**DIRECTIONS FOR THIS TASK**
From the listing below, copy only the lines running from the line that contains "Photo - 2121 Lobdell Blvd Apartment" to the line that contains "Beby dan Rizki", both included.

**DATA SHOWN**

□ □ □

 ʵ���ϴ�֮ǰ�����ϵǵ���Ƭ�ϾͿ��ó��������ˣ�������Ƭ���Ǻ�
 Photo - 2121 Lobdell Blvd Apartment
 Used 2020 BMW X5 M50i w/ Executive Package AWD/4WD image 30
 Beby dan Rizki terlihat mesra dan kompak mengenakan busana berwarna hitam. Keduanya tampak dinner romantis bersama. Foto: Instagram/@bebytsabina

□ □ □

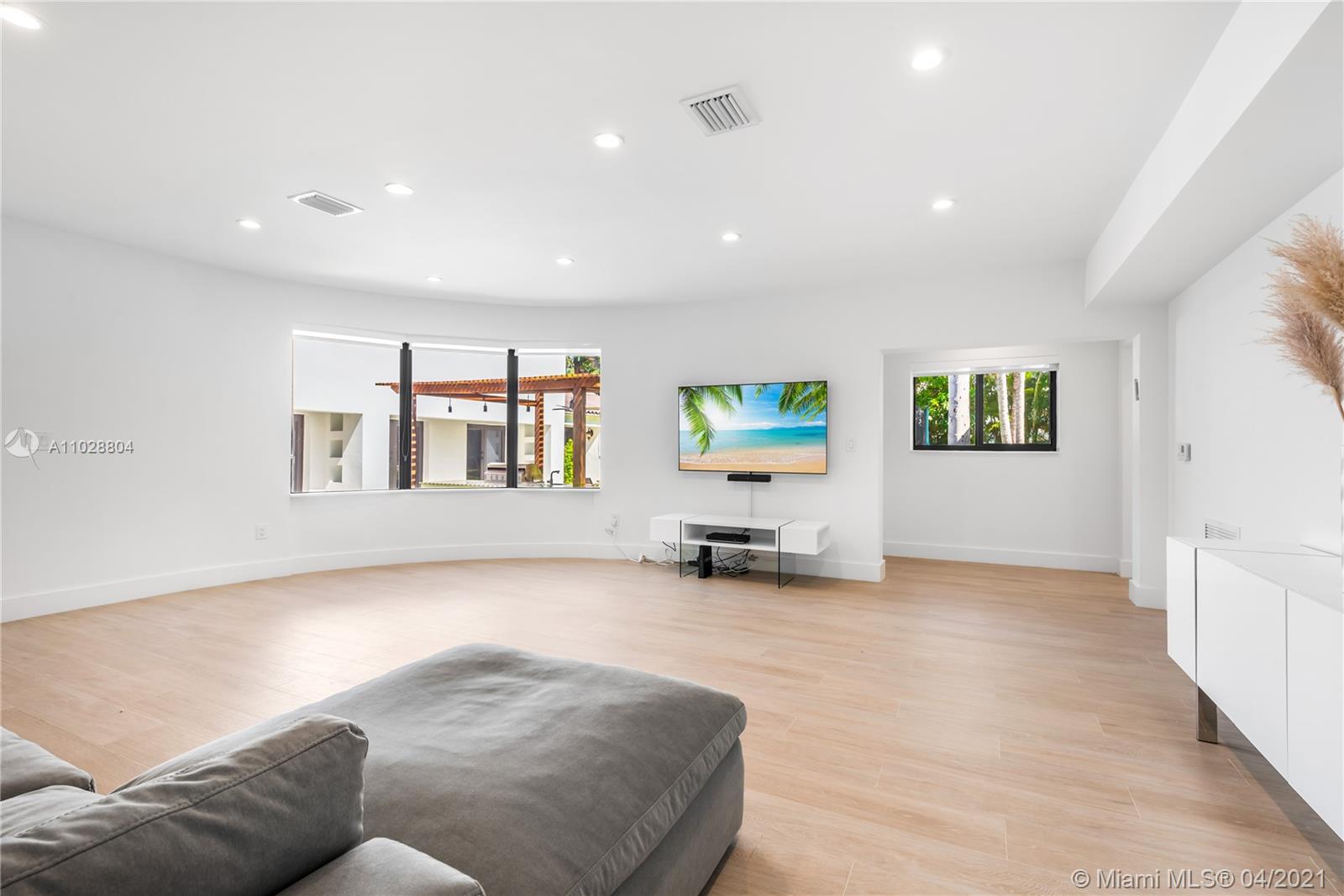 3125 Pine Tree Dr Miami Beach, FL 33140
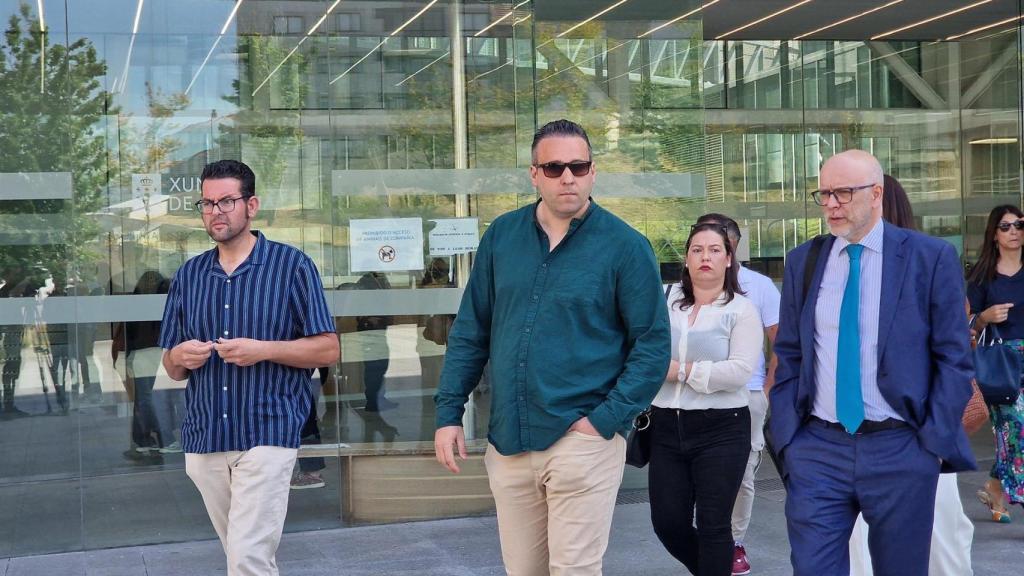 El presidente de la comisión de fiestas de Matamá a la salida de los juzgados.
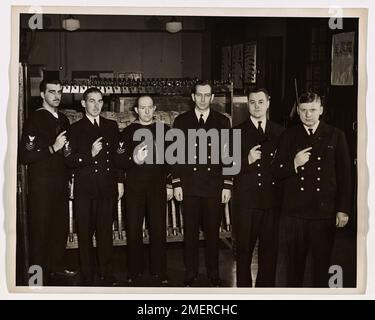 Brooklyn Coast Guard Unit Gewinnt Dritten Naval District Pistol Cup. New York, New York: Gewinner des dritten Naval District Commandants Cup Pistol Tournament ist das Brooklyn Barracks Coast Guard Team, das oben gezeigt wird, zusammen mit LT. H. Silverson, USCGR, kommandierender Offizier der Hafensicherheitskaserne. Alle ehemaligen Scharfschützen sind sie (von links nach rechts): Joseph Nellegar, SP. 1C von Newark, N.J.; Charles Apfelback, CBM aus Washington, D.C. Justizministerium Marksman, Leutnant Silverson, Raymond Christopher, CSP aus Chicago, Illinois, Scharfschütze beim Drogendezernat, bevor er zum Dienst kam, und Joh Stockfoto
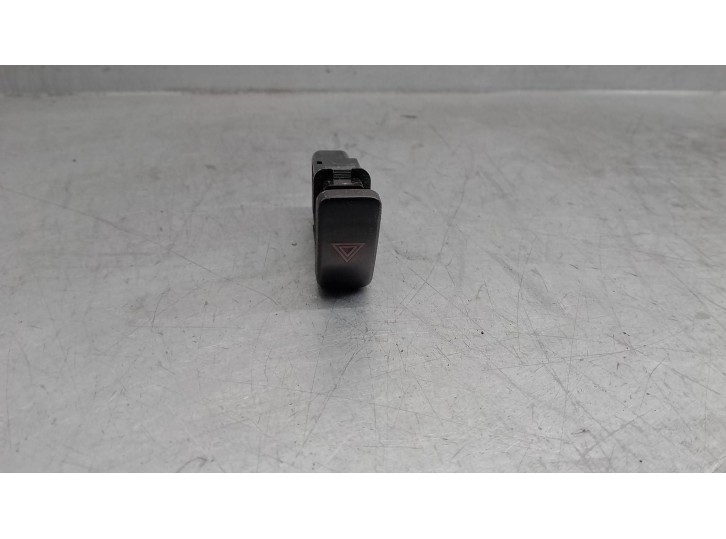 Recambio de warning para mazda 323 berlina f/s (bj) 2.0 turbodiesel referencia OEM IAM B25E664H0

□ □ □

**YOUR RESPONSE**
 Photo - 2121 Lobdell Blvd Apartment
 Used 2020 BMW X5 M50i w/ Executive Package AWD/4WD image 30
 Beby dan Rizki terlihat mesra dan kompak mengenakan busana berwarna hitam. Keduanya tampak dinner romantis bersama. Foto: Instagram/@bebytsabina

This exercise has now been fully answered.